◆ **TASK DESCRIPTION**:
Your task is to return the listing below word for word, without any of its images.

◆ **PROVIDED MATERIAL**:
☆ ☆ ☆ ☆

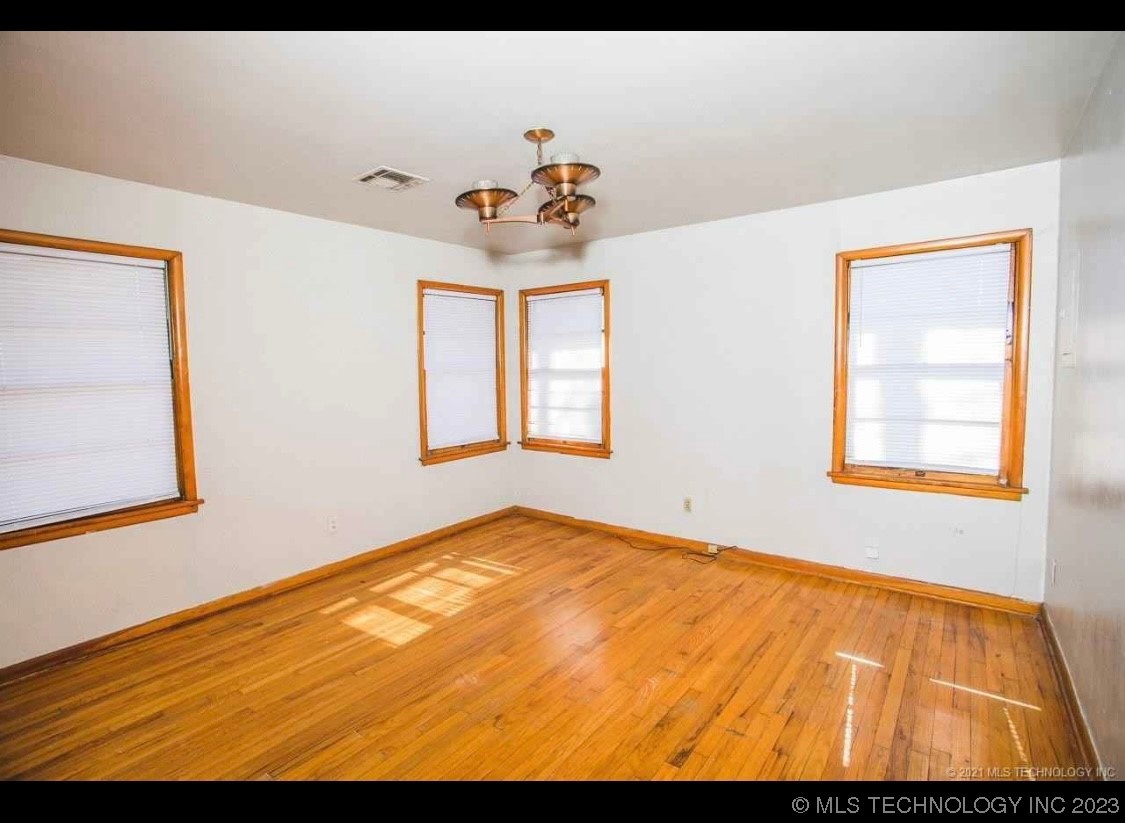 Photo 2 of 9 of 512 Maxwell NW house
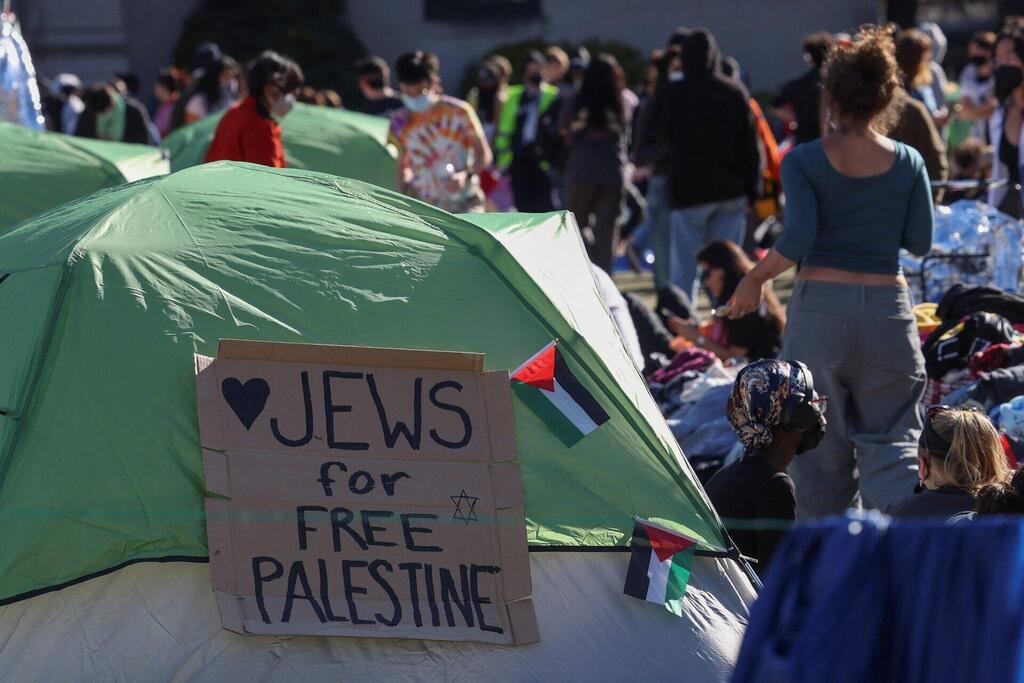 Jews for free Palestine sign at a student protest in New York 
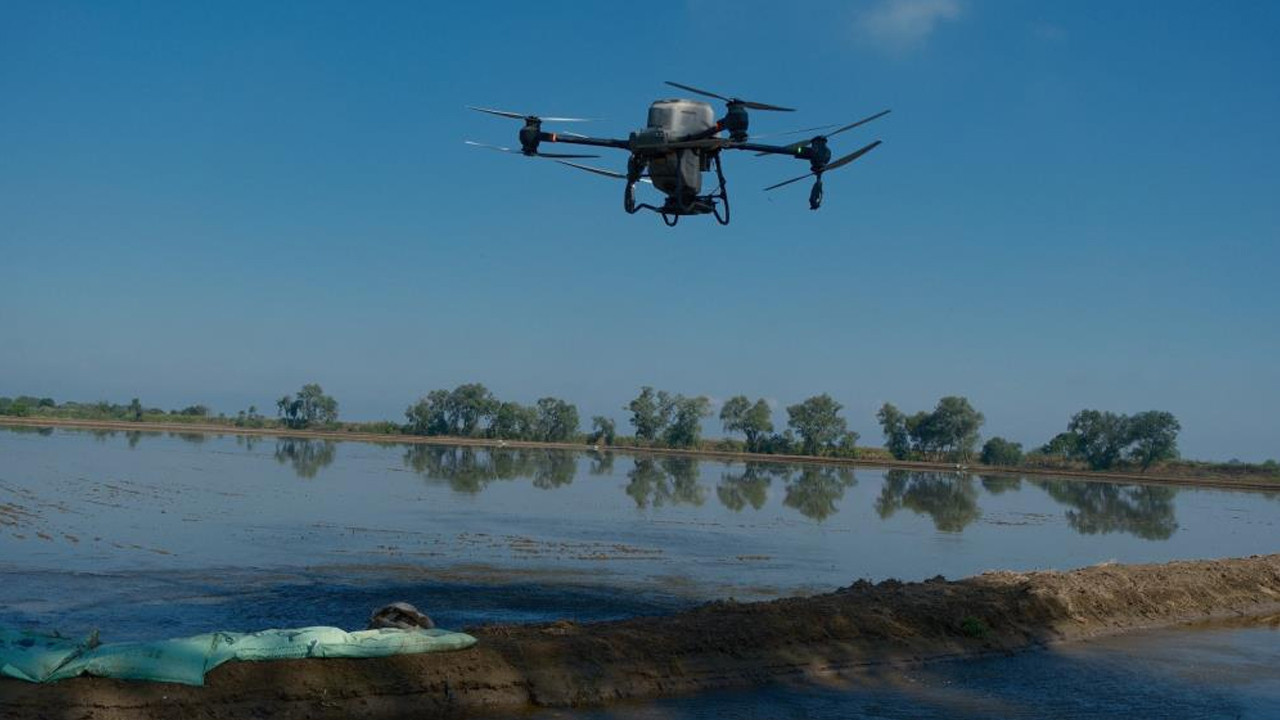 Karacabey Ovası’nda teknolojik tarım: Çeltik üreticilerinden dron ile tohum ekimi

☆ ☆ ☆ ☆

◆ **RESPONSE TO THIS TASK**:
 Photo 2 of 9 of 512 Maxwell NW house
 Jews for free Palestine sign at a student protest in New York 
 Karacabey Ovası’nda teknolojik tarım: Çeltik üreticilerinden dron ile tohum ekimi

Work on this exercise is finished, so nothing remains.